What an exercise in non-critical thinking and the wholesale acceptance of right wing talking points without relation to facts. Inside the specious bubble that encapsulates the Beltway and the media elites who reside within it, they've experienced a much different reality than you and I have. According to them, after a relatively "non-controversial" and "bipartisan" decision in Afghanistan, President Obama has aggressively pushed a liberal agenda, alienating the Republican minority and the American people, who have responded to this unapologetic move to the left by distrusting government, hence the overwhelming turnout for the tea parties.

MATTHEWS: ‘Kay, this is the key question. Helene, you’re at the White House too. Last question here: how can you be a man of …or a leader of the progressive movement, really do things that enlarge the role of government in the health care field, for example. And in financial regulations. And still make the country in this kumbaya-we-all-get-along mood? If you change, it bothers people.

COOPER: I think that is so much at the center of why President Obama is having so many problems right now. There’s this fundamental belief that he can change—that the power of his personality and the power of his oratory can change people and that just doesn’t happen. There’s this over-reliance, I think, at the White House if the President gives a very big speech, if he comes out there , that he can persuade people and he can do it and at the same time you don’t have anything changing at the bottom of the way Washington works.

As if. What color do you suppose the sky is in their world?

There are no facts that penetrate their dense skulls. They ignore that Obama was elected with a huge mandate for change, not just for the sake of change, but to do things differently than the train wreck that was the two terms of Bush/Cheney. People aren't afraid of that kind of change, Tweety, we're calling out for it. We are not a center-right country, you addle-pated bubblehead. If we were, why did we elect Obama over the center-right candidate? And please, spare me with the "liberal agenda" crap. Obama has ceded anything and everything that might have made health care reform liberal. There's no big government planned. In fact, that false meme is courtesy of the party who has time and time again been responsible for the expansion of government while blaming it on the opposition.
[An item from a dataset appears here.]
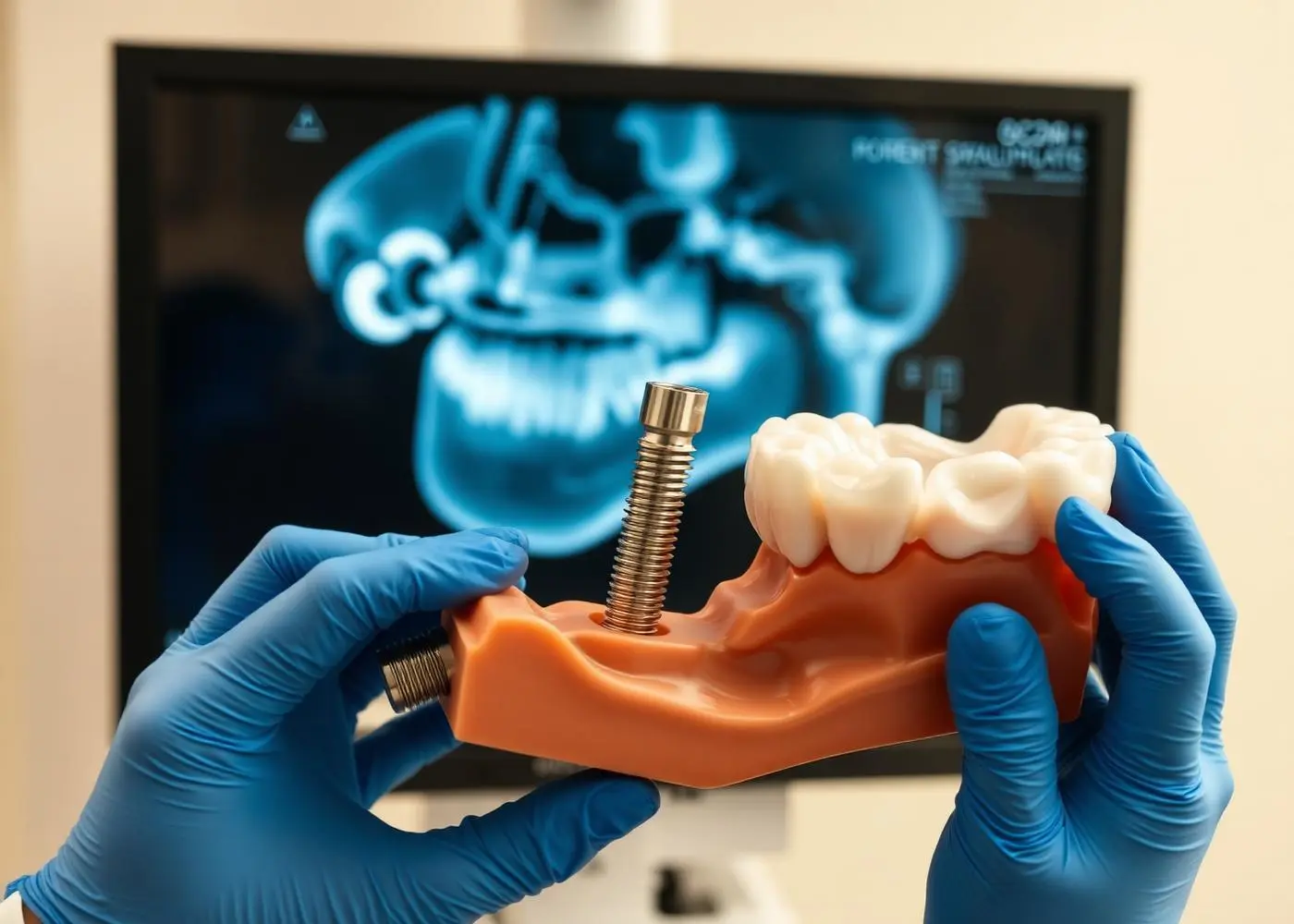 Dental Implants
But all along the way, Obama has been faced with nothing but reactionary obstructionism from the Republicans, which apparently doesn't even rate a mention for the very concerned panel. But the tea-baggers, a scattered-brain group wholly without focus for their anger except for a few notions of "isms" being bad and keeping government out of their entitlement programs, masking their abject racism, they're taking over the country! Again, those pesky facts are ignored, like them being a tiny little segment of the population acting as useful tools for corporate interests . Since the Republicans in DC cravenly pander to them, that inflates their importance and influence for the bobbleheads.

Facts...whodathunk something like that would be in the rarest supply from "journalists" in DC? How far we've fallen from the days of Watergate and Woodward & Bernstein.

Transcripts below the fold:

MATTHEWS: Let’s find a template for success. Helene, he put together his Afghanistan policy; he really did listen to every side. And then he seemed to, in a very deliberative way, come to a compromise position, which avoided all the squabbling and back-biting. Why can’t he do that with domestic?

COOPER: I don’t know. I mean, he’s done quite…he’s done relatively well, I think, on the foreign policy, and in particularly now with these arrests of Taliban leaders in Pakistan. You had another two who were arrested last week. On other foreign policy items as well, he’s managed to be able…he’s managed to strike some sort of compromise. Some times, not necessarily to his benefit. When you look at what happened in Copenhagen with the climate change agreement, where he accepted a much more watered down agreement and came out afterwards and said, “Look, I wish we had international government, but the reality is these countries won’t do it. We have to take what we can get.” That was the essence of compromise that’s not something you see him do on the domestic front as much at all and I think that’s sort of the contradiction.

MATTHEWS: Yeah…The big question you hear from the netroots, the people on the left, is why didn’t he come in there last summer? With a very strong position, say “here are the principles I have on health care. Get in line. This is what I’m going to fight for, I’ll go down on this if I have to, but this is what I’m going to fight for.” He never really said what he wanted. And yet, even today as we speak, this weekend, he’s yet to do it.

HARRIS: Well, that’s the fundamental contradiction—so far—of Barack Obama’s presidency he’s yet to reconcile. He says, “I’m not an idealogue” but the fact is he is an ideologically ambitious president, who wants to do big things that you could call progressive or liberal or whatever you want to do. And yet he also wants to be a process-oriented president. Somebody who defines the center and gets people to work together. Those two goals are in tension with one another.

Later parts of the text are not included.